What you have to do: The required output is the lines of the listing from the beginning through the line containing "HOEI 鳥かご Amazon", each copied exactly, without any pictures.
*** Record extracts ***
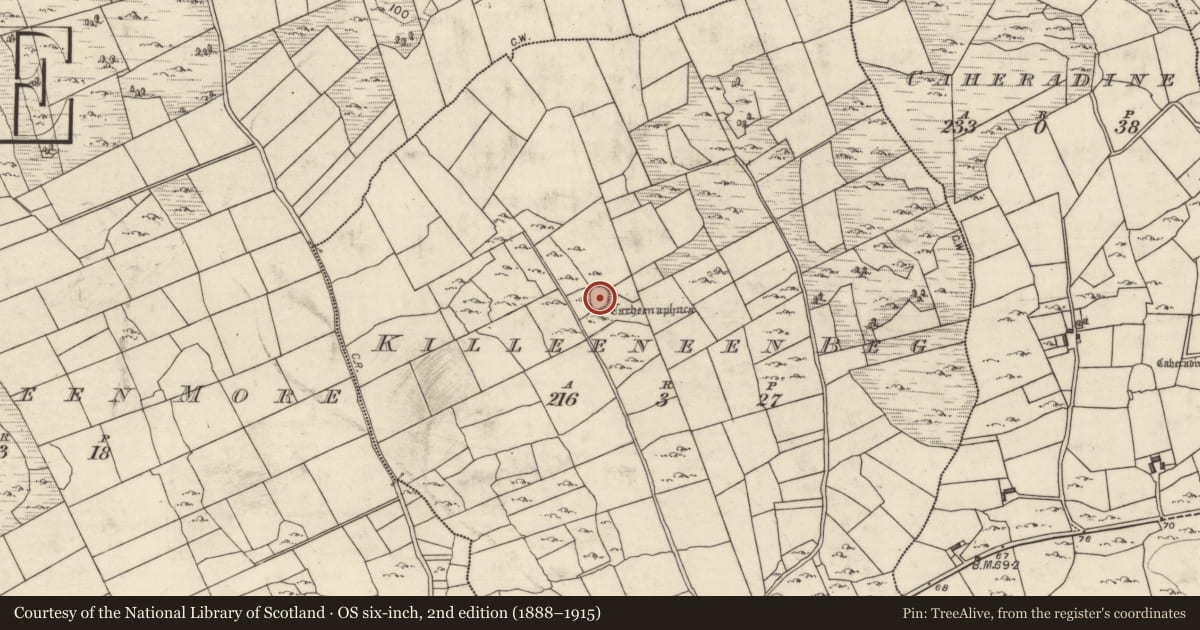 Ordnance Survey six-inch map, 2nd edition (1888–1915) covering the location of Ringfort - cashel, Killeeneen Beg, County Galway, with a pin at the register's coordinates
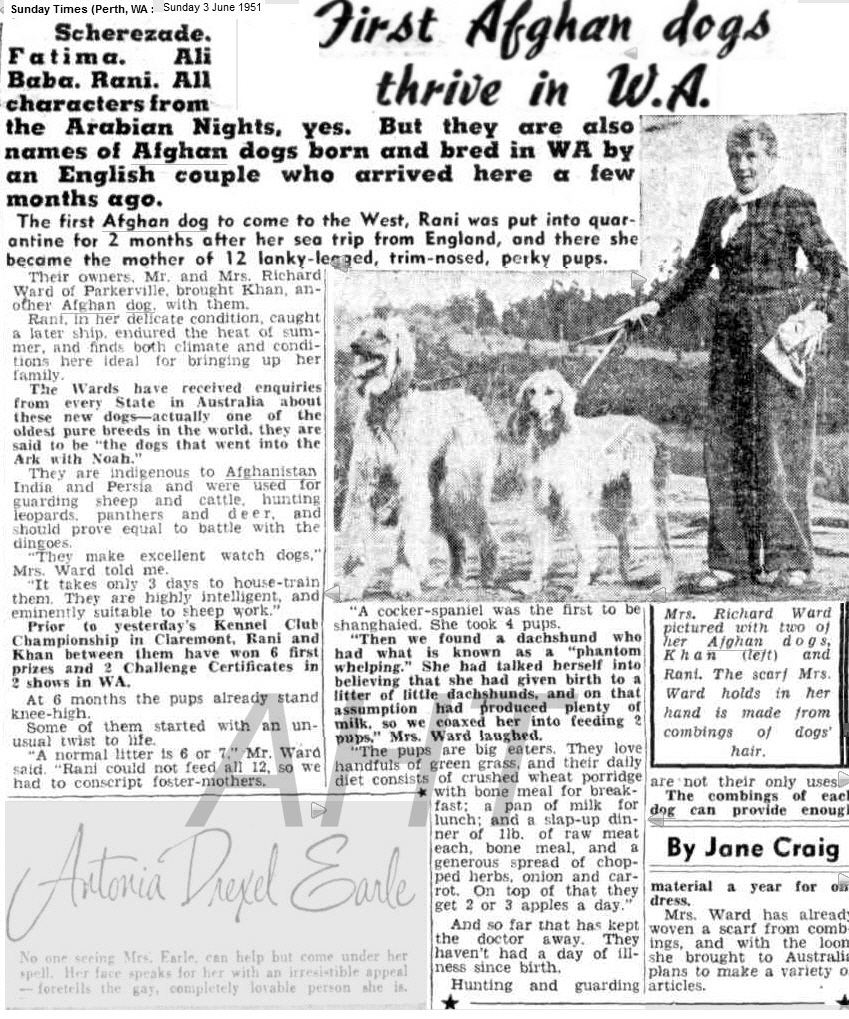 http://www/afghanhoundtimes.com PHOTO ARTICLE Mrs. Richard Ward with her Golitha Afghan Hounds 1951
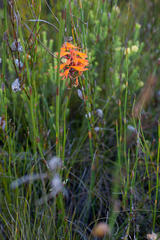 Disa ferruginea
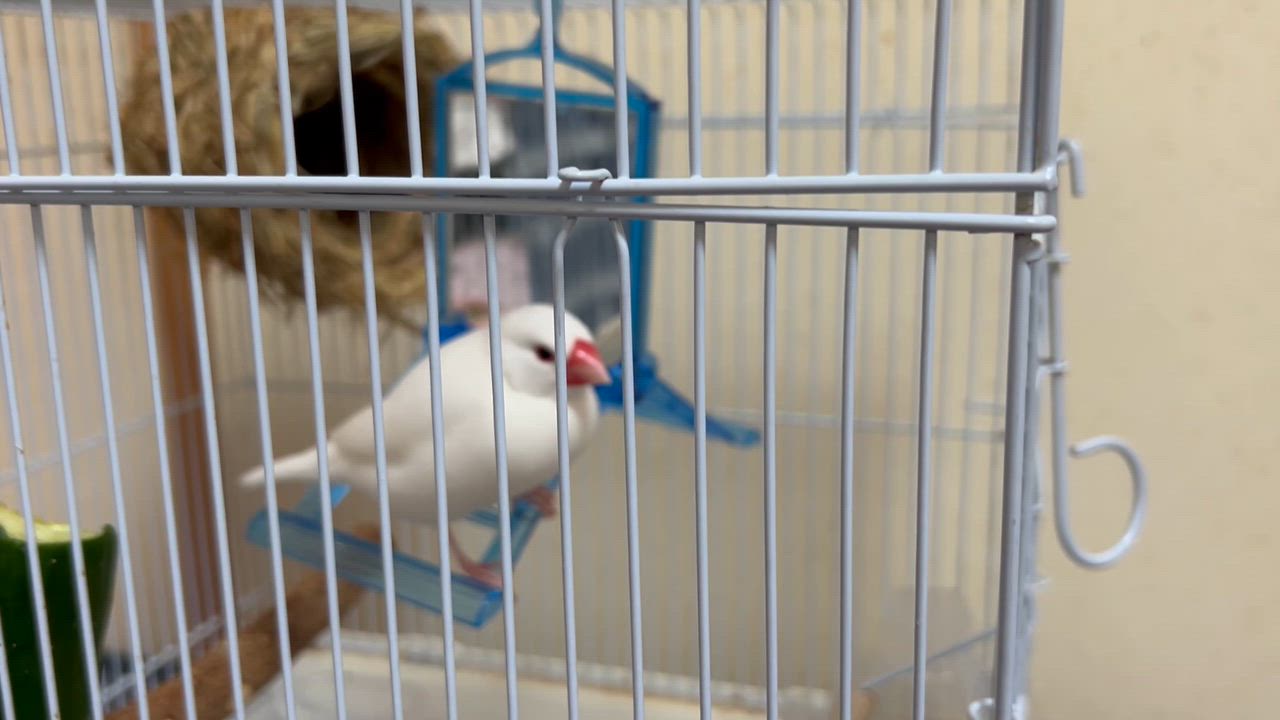 HOEI 鳥かご Amazon | ホーエイ 21手のり ホワイト | HOEI | 鳥かご・ケージ 通販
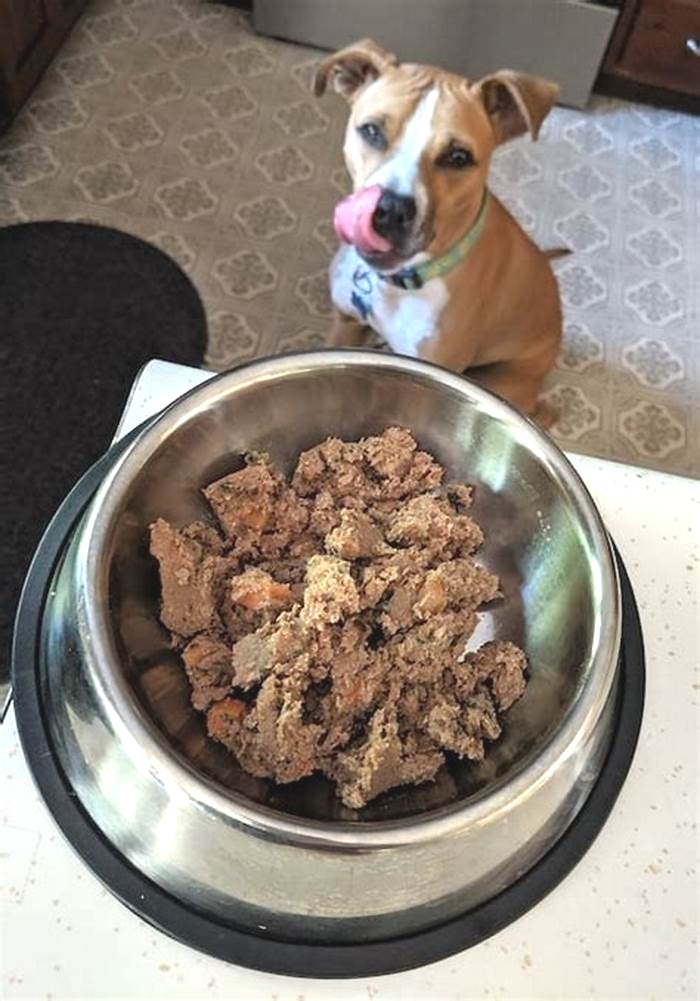 Exploring The Farmer's Dog Food: A Taste of Nature for Your Pooch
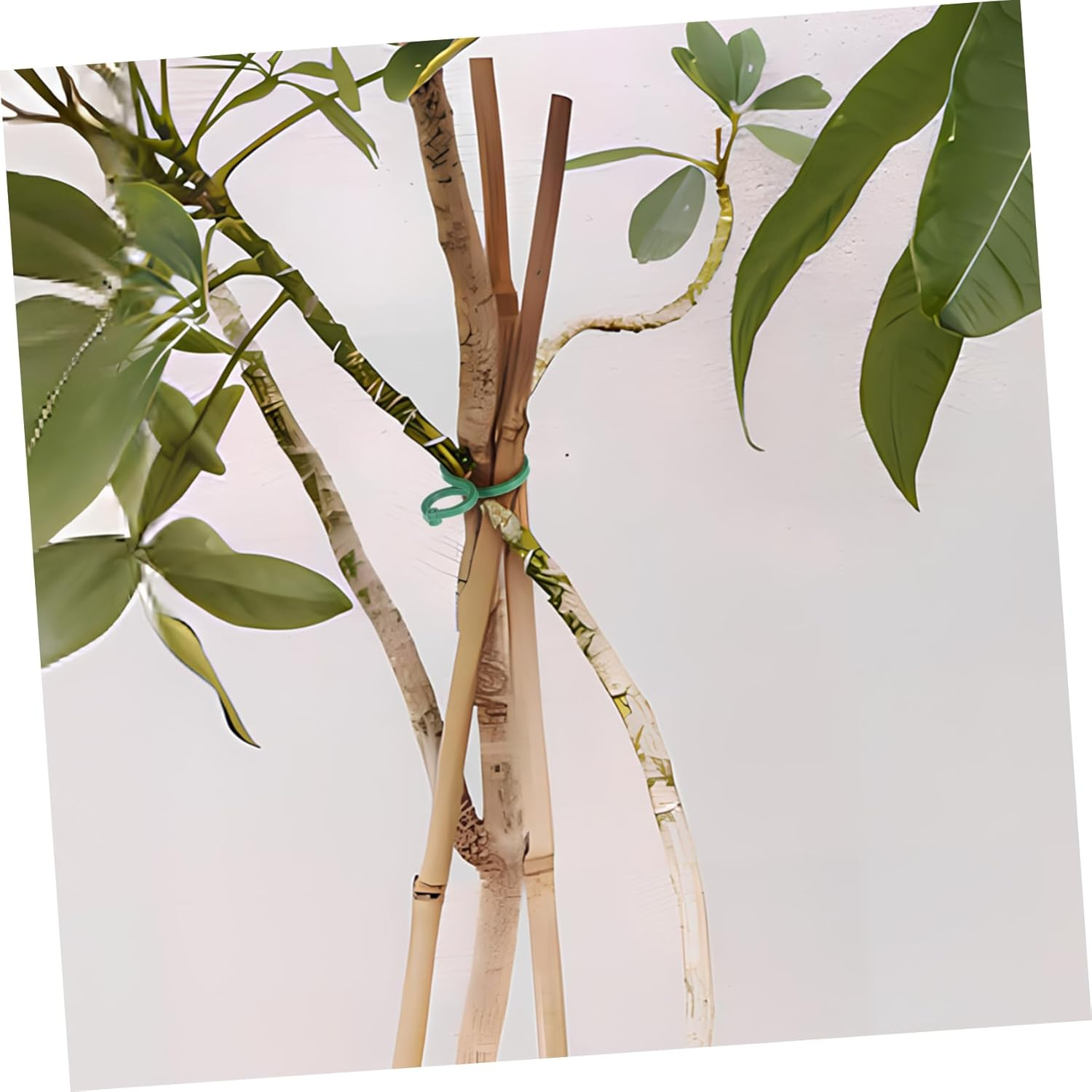 100Pcs Gardening Buckle Plant Support Clips for Indoor Outdoor Plants Stake Hanging Tree Clip Flower Vine Clamp image number 4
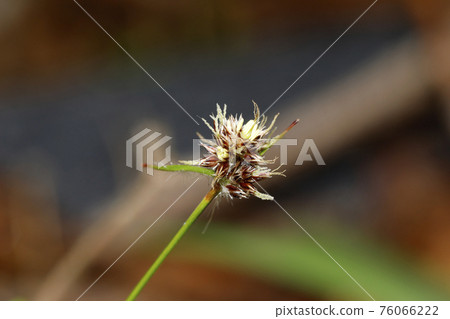 Luzula flower Luzula flower 76066222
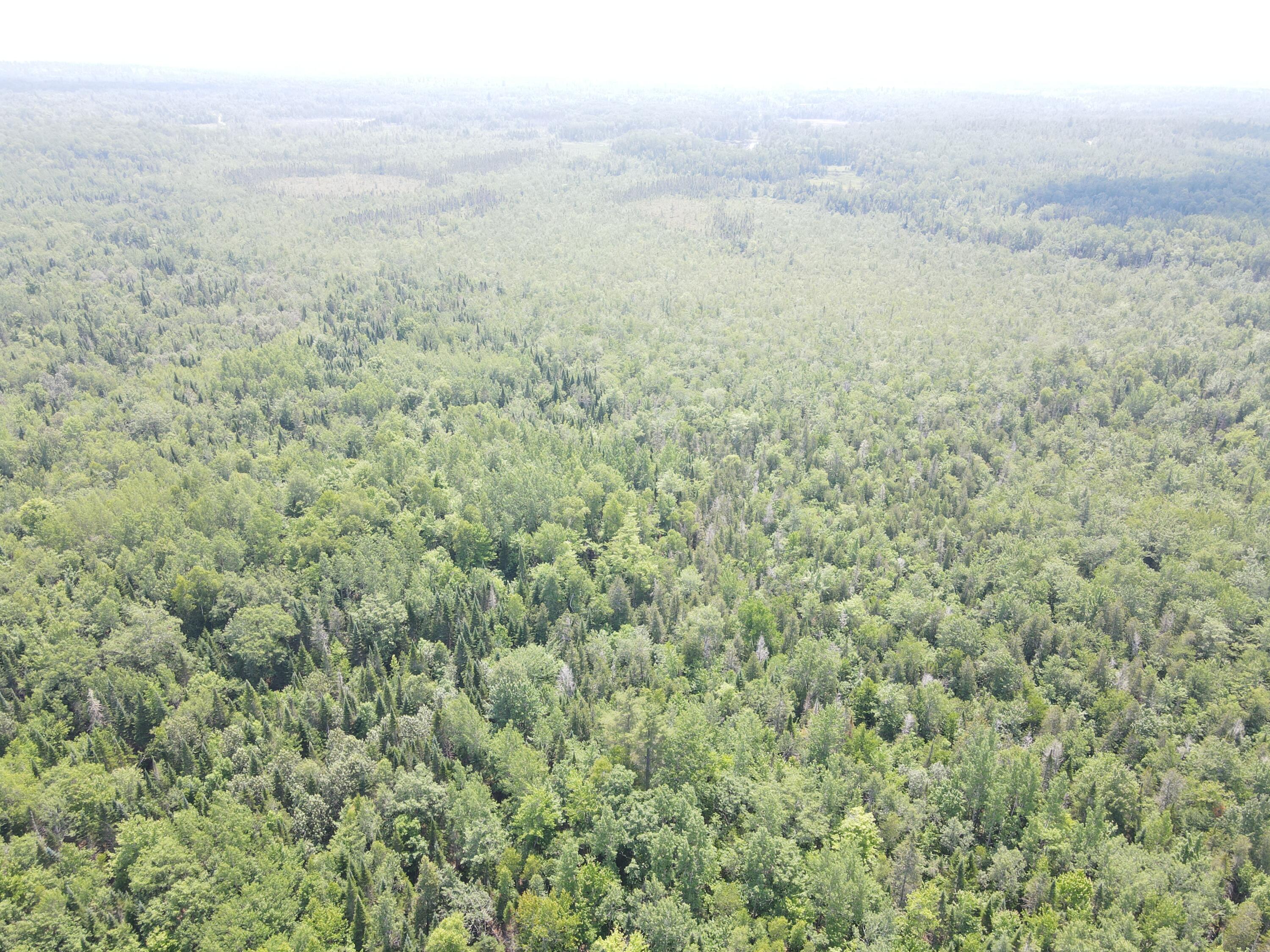 6 Myra Road Greenbush, ME 04418 - Photo 19 of 36 dji_fly_20250703_121432_405_175155929534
*** End of Record extracts ***
Answer to the problem:
 Ordnance Survey six-inch map, 2nd edition (1888–1915) covering the location of Ringfort - cashel, Killeeneen Beg, County Galway, with a pin at the register's coordinates
 http://www/afghanhoundtimes.com PHOTO ARTICLE Mrs. Richard Ward with her Golitha Afghan Hounds 1951
 Disa ferruginea
 HOEI 鳥かご Amazon | ホーエイ 21手のり ホワイト | HOEI | 鳥かご・ケージ 通販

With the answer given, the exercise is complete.